Work instructions
Using the records below, transcribe word for word the stretch from the line that contains "長諾生物的核甘肽酵母酶解漿的酶解破壁工藝與效果" through the line that contains "Obraz na zeď", both end lines included, and nothing else.

Dataset
_ _ _ _

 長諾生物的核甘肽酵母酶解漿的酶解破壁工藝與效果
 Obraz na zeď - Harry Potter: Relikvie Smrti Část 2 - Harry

_ _ _ _

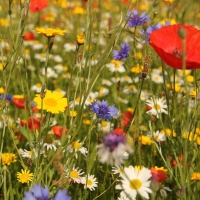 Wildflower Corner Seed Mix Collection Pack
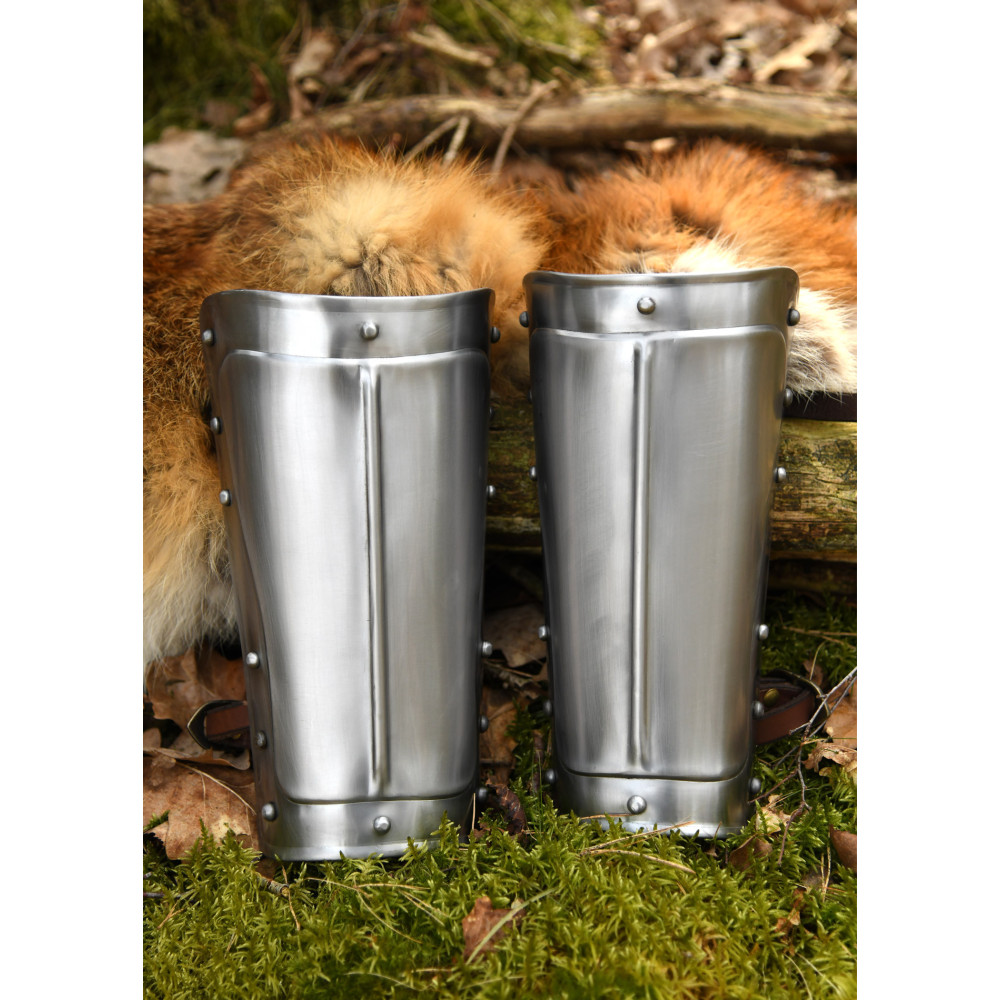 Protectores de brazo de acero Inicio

_ _ _ _

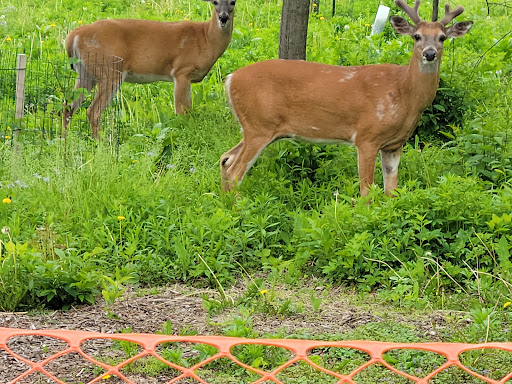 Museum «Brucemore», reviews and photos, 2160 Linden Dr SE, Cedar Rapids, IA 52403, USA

_ _ _ _

Task solution
 長諾生物的核甘肽酵母酶解漿的酶解破壁工藝與效果
 Obraz na zeď - Harry Potter: Relikvie Smrti Část 2 - Harry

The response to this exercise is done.